▸ Task goal: Whenever a line in the entries includes the word "from", copy that line out.

▸ Data records:
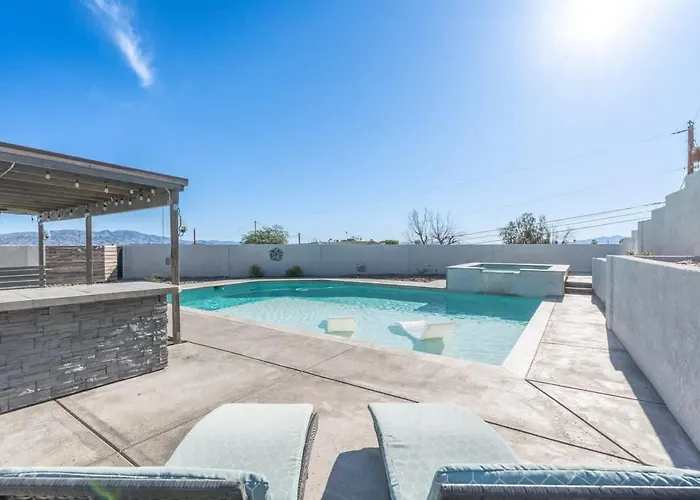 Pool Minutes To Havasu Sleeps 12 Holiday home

==

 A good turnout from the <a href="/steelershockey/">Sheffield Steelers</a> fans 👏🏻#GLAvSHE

...

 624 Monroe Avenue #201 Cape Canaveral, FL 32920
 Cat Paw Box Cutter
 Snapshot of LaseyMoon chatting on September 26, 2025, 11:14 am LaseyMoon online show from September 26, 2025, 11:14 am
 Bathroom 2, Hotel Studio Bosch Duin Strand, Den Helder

▸ Expected answer:
 A good turnout from the <a href="/steelershockey/">Sheffield Steelers</a> fans 👏🏻#GLAvSHE
 Snapshot of LaseyMoon chatting on September 26, 2025, 11:14 am LaseyMoon online show from September 26, 2025, 11:14 am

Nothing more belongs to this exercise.